Yet, despite all attempts to sanitize the festival, it seems we can’t quite manage to remove its teeth. There’s something dark and brooding in the air this time of year, something waiting for darkness to fall. Across the USA, this manifests in annual scare headlines about the ‘Halloween Poisoner’, the apocryphal child-killer stuffing strychnine into fun-size Snickers and loading apples with razor blades (FACT: child fatalities at Halloween tend to be victims of their friends and family, like unfortunate 8 year-old Timothy Clark O’Bryan, poisoned by his father, Ronald ‘The Candyman’, for a $20,000 life insurance payout). It manifests in ‘Mischief Night’, which is actually October 30, but has become identified with Halloween, when teenagers rampage through neighborhoods pulling pranks, TPing properties, and in Ontario, tossing rotten cabbages about. It manifests in Detroit as ‘Devils’ Night’, a citywide vandalism and arson spree that reached a terrifying peak in the 1980s, with 800 fires set overnight. It manifests in the increasing sexualization of Halloween costumes, for both adults and kids. When the ancient Celts devoted the night to entertaining and placating evil spirits so that they and their families came to no harm, they might have been on point.

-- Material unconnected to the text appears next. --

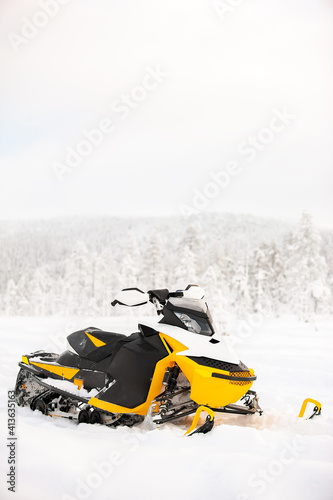 Yellow snowmobile is standing on a snowy field on a background of a winter scenic landscape.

Anyone who has read Neil Gaiman’s American Gods knows that we carry ancient divinities and their demands forward into history with us, even if we fail to placate them through tribute, even if our indifference reduces them to running a funeral parlor in Cairo, Illinois. Our supposedly secular culture sits on layer upon layer of religious belief. Halloween represents the one night of the year when we allow some of those deeper layers to surface. Just as it always has done.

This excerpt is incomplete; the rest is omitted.